The truth
I’m getting older, getting closer to that day and all,..
Well,..
Ive been realizing some things bout my self lately. I can lie on the outside, but its okay to be honest with my self.
I’ve been having dreams lately about selena,.. last nite was kind of sad and scary. I was taking to her ghost and telling her how much I missed her. But how can you miss some one you’ve never met? Another dream I had about her was soo sad.
Her husband was on stage playing the guitar, and there was an audience,.. and a small picture of selena and a stool where she would have been sitting. The feeling I got from that dream was soo empty. She was gone. I cant even being to imagine the pain and empty heart break that her family must have felt,…feel.
Im selfish. In the end it is all about me. Im more like my father than my mother.
I’ve never really had friends,.. so I dont know how to be one.

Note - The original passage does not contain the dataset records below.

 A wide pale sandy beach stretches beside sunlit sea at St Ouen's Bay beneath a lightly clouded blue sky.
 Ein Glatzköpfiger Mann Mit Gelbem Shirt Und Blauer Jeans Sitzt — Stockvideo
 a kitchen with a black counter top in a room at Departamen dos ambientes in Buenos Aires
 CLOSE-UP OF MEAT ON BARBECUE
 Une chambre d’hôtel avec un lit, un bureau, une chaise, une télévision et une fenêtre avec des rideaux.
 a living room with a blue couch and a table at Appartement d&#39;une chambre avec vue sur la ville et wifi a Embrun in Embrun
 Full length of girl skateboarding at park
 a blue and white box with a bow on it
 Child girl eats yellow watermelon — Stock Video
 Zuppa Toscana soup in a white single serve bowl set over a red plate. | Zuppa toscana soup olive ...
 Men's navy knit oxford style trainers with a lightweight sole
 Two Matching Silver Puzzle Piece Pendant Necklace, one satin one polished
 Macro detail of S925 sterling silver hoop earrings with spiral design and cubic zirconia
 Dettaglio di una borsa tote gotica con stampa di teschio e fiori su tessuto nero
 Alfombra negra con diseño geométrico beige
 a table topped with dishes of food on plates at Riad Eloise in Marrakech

I realized that the other day when I was reflecting back on how I’ve dealt with people.
Imperfection,Perfection.
Strive to survive
Live and give
take dont share
its mine go away.
smile.
myself. my own wealth.
so many things to want and complain about.
I really want to meet new people
and I will.
I need to work on myself, and I think Ive already begun the process
Sad dreams aren’t fun but sometimes I think they are neccesary. Ah well… *hugs* -H.